> _Aim of the exercise_
All that should come back is the lines of the data below from the one containing "Picea sitchensis" to the one containing "A brown praying", inclusive, exactly as they stand.

> _Dataset content_
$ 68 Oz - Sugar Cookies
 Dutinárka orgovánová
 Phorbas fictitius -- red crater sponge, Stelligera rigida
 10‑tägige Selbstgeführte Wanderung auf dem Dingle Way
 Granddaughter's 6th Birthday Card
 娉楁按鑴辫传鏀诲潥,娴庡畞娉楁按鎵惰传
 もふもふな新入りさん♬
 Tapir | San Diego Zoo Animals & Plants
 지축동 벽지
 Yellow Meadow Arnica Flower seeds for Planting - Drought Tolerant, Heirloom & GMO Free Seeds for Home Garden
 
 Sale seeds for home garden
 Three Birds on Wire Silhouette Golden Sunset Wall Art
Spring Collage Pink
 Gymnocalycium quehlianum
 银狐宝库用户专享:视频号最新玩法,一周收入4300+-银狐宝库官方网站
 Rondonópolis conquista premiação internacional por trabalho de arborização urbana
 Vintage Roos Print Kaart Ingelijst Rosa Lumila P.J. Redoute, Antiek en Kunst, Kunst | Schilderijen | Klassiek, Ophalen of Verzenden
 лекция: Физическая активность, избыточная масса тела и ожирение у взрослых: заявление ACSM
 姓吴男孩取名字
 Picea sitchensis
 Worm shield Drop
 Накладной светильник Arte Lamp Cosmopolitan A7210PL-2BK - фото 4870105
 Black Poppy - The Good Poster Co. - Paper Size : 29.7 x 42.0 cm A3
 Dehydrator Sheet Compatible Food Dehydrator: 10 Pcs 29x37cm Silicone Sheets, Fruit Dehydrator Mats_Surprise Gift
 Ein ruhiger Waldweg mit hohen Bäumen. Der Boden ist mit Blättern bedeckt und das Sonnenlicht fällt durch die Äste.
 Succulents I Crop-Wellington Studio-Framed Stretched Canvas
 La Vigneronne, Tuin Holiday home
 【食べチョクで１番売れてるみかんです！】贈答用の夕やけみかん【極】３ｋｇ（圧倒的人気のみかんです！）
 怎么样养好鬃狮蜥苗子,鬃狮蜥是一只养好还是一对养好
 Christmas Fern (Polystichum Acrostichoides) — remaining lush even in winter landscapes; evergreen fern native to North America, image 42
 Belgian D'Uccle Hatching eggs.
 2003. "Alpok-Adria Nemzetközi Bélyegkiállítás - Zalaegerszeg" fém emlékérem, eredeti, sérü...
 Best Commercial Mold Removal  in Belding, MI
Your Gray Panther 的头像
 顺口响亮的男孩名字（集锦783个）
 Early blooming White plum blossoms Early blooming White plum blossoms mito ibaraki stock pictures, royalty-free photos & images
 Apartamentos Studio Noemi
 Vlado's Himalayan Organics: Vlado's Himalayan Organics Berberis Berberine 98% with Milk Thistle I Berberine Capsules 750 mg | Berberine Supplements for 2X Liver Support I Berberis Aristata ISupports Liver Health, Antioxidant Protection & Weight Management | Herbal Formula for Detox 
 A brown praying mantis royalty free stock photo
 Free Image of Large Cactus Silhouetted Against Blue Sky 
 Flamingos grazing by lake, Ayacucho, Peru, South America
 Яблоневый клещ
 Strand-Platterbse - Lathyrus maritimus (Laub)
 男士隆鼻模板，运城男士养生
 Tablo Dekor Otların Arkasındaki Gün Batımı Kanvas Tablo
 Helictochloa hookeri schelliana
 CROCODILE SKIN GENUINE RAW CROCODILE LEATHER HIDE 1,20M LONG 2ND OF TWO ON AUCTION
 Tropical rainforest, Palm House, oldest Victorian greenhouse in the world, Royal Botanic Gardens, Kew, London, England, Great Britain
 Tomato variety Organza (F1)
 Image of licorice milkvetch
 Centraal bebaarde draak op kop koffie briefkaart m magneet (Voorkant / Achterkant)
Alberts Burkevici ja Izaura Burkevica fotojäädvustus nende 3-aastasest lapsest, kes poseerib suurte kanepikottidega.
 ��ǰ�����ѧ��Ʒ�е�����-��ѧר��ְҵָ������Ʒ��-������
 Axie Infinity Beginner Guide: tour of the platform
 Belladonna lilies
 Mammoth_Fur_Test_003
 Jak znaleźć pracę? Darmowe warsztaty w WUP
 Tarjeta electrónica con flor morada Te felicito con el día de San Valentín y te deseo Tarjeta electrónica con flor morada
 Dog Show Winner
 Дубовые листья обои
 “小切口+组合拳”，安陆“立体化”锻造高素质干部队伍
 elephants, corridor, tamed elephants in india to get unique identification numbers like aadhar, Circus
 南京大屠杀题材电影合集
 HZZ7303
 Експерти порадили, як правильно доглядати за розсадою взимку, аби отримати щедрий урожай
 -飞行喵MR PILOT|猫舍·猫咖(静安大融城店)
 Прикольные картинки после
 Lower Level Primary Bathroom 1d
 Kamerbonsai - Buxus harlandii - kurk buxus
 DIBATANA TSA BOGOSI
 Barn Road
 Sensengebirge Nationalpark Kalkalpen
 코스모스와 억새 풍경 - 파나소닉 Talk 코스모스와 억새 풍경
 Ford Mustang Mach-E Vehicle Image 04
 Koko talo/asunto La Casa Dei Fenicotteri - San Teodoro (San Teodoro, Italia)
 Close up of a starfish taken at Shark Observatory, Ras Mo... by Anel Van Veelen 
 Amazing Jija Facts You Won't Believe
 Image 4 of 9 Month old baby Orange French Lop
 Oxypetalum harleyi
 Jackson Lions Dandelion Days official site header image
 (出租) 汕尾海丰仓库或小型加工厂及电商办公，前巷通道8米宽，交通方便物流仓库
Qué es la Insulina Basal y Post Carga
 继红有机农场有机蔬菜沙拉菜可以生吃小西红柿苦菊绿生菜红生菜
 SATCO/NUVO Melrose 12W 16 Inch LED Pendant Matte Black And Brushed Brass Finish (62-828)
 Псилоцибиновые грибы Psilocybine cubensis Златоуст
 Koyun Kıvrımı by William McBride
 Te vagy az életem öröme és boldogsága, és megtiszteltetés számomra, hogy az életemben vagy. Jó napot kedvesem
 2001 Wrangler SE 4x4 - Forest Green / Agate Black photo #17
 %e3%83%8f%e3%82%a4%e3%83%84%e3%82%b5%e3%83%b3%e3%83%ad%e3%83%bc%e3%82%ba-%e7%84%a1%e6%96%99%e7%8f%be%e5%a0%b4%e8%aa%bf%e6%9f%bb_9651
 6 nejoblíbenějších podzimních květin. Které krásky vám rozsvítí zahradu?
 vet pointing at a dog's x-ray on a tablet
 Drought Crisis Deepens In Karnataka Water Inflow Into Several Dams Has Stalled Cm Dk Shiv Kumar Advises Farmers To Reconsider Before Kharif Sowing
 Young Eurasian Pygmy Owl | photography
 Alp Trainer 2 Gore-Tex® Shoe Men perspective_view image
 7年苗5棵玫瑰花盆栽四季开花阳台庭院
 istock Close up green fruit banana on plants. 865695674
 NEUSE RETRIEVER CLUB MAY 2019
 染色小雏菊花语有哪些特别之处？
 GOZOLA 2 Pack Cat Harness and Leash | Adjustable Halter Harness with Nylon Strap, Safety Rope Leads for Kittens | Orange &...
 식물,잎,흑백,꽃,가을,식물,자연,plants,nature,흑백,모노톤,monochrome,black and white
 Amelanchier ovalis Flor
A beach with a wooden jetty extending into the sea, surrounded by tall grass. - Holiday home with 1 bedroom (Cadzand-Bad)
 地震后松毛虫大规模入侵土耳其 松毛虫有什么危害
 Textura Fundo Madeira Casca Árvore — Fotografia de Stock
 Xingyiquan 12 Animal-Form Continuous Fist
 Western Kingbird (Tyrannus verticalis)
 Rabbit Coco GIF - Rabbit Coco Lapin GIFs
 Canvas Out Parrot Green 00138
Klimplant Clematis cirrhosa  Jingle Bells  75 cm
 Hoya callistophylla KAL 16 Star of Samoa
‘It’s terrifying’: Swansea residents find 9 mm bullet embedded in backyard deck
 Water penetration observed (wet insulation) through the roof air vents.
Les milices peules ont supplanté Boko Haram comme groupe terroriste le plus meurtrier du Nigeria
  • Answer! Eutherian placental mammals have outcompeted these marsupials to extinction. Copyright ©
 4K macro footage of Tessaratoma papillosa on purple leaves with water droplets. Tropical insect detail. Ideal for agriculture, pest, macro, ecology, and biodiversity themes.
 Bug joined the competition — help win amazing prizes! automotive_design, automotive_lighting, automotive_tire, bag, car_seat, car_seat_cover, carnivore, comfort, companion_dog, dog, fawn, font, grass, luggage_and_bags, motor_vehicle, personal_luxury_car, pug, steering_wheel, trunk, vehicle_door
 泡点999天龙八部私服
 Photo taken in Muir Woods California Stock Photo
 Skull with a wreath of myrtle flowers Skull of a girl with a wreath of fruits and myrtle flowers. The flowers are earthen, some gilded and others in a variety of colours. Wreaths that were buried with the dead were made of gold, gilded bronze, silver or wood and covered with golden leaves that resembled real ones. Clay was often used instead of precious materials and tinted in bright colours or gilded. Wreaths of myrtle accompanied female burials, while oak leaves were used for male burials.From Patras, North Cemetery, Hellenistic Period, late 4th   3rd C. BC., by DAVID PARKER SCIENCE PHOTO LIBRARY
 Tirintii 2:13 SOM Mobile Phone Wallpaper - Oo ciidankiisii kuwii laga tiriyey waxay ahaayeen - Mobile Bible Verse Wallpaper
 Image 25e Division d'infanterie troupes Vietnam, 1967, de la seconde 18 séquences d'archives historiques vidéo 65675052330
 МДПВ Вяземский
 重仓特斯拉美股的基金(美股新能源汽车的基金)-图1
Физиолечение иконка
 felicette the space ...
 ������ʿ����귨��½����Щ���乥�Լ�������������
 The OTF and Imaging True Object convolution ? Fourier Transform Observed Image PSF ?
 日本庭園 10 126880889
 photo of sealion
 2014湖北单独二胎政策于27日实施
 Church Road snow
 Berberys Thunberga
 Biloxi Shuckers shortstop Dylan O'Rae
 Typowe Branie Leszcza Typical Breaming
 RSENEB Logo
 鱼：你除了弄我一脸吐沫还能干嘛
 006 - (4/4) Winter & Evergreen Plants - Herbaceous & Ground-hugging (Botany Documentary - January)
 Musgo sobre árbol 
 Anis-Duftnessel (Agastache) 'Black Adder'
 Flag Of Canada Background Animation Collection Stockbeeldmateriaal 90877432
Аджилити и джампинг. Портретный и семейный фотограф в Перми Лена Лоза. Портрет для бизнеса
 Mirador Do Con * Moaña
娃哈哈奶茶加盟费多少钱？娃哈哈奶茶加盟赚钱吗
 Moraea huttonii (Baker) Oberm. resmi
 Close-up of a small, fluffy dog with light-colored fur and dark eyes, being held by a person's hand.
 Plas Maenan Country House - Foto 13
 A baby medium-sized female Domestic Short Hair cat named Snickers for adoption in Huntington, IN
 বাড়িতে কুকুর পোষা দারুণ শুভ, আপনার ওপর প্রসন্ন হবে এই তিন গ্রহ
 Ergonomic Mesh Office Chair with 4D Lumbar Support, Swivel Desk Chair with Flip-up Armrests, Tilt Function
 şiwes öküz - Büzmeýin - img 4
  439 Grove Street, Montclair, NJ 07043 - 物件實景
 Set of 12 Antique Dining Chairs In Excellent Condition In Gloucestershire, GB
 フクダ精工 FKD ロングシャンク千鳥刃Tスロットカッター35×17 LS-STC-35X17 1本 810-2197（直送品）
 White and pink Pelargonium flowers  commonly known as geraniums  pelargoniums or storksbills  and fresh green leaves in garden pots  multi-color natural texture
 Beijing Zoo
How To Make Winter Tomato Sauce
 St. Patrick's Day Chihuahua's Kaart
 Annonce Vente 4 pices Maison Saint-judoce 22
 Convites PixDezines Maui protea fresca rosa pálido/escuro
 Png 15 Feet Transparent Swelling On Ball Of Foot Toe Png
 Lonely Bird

> _Problem solution_
 Picea sitchensis
 Worm shield Drop
 Накладной светильник Arte Lamp Cosmopolitan A7210PL-2BK - фото 4870105
 Black Poppy - The Good Poster Co. - Paper Size : 29.7 x 42.0 cm A3
 Dehydrator Sheet Compatible Food Dehydrator: 10 Pcs 29x37cm Silicone Sheets, Fruit Dehydrator Mats_Surprise Gift
 Ein ruhiger Waldweg mit hohen Bäumen. Der Boden ist mit Blättern bedeckt und das Sonnenlicht fällt durch die Äste.
 Succulents I Crop-Wellington Studio-Framed Stretched Canvas
 La Vigneronne, Tuin Holiday home
 【食べチョクで１番売れてるみかんです！】贈答用の夕やけみかん【極】３ｋｇ（圧倒的人気のみかんです！）
 怎么样养好鬃狮蜥苗子,鬃狮蜥是一只养好还是一对养好
 Christmas Fern (Polystichum Acrostichoides) — remaining lush even in winter landscapes; evergreen fern native to North America, image 42
 Belgian D'Uccle Hatching eggs.
 2003. "Alpok-Adria Nemzetközi Bélyegkiállítás - Zalaegerszeg" fém emlékérem, eredeti, sérü...
 Best Commercial Mold Removal  in Belding, MI
Your Gray Panther 的头像
 顺口响亮的男孩名字（集锦783个）
 Early blooming White plum blossoms Early blooming White plum blossoms mito ibaraki stock pictures, royalty-free photos & images
 Apartamentos Studio Noemi
 Vlado's Himalayan Organics: Vlado's Himalayan Organics Berberis Berberine 98% with Milk Thistle I Berberine Capsules 750 mg | Berberine Supplements for 2X Liver Support I Berberis Aristata ISupports Liver Health, Antioxidant Protection & Weight Management | Herbal Formula for Detox 
 A brown praying mantis royalty free stock photo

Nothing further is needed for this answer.